Buckle Up for Public Transportation

More information keeps trickling in on Tuesday’s Washington D.C. Metro accident. With the official death toll now at nine with 80 injured, it all serves as a reminder that no public transit option is entirely safe.

Investigators have now found that the operator had in fact slammed on the emergency break, though too late to prevent her Red Line train from rear-ending another and jackknifing on top of it.

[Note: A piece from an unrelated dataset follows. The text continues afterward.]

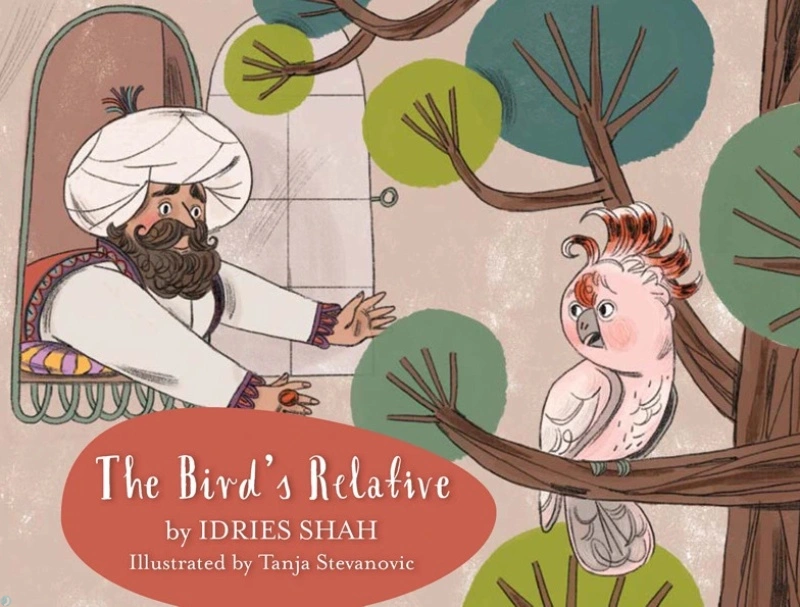 دانلود کتاب The Bird's Relative (نسخه PDF)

In the wake of the D.C. wreck, I wrote for Popular Mechanics yesterday about some of the worst rail accidents in history and what we learned from them. As transit historian Brian Cudahy told me, “it sounds like a cliche, but accidents are learning experiences.” 
Some past accidents have showed the need to get away from flammable materials, improve communication between trains, install checks for the operators–like “dead man’s switches” that stop the train if the operator is incapacitated–and automatic controls to keep him or her from going too fast.
Hopefully, investigators will figure out where the automatic controls went wrong this time, but the accident shows that they aren’t the only answer for train safety—you also need a real person with real experience to know when something’s off, and to make sure all the other systems are in working order. Unfortunately, it seems, the Red Line driver wasn’t able to override the system in time, though it’s possible the brakes themselves failed.
Lastly, however, this kind of wreck reminds us that total safety is an illusion. Some small bits of good can come out of a disaster, like when train officials are moved to improve their system. But the fact that trains, like planes, often crash spectacularly when things go wrong, creates an emotional
impact that misleads us into believing they are not a “safe” way to travel. 

Statistically you’re more likely to die in car wreck; the odds in the U.S. are one in 20,000, compared to one in nine million for a train death. Still, it’s hard to trust the controls to someone else when you see pictures from D.C.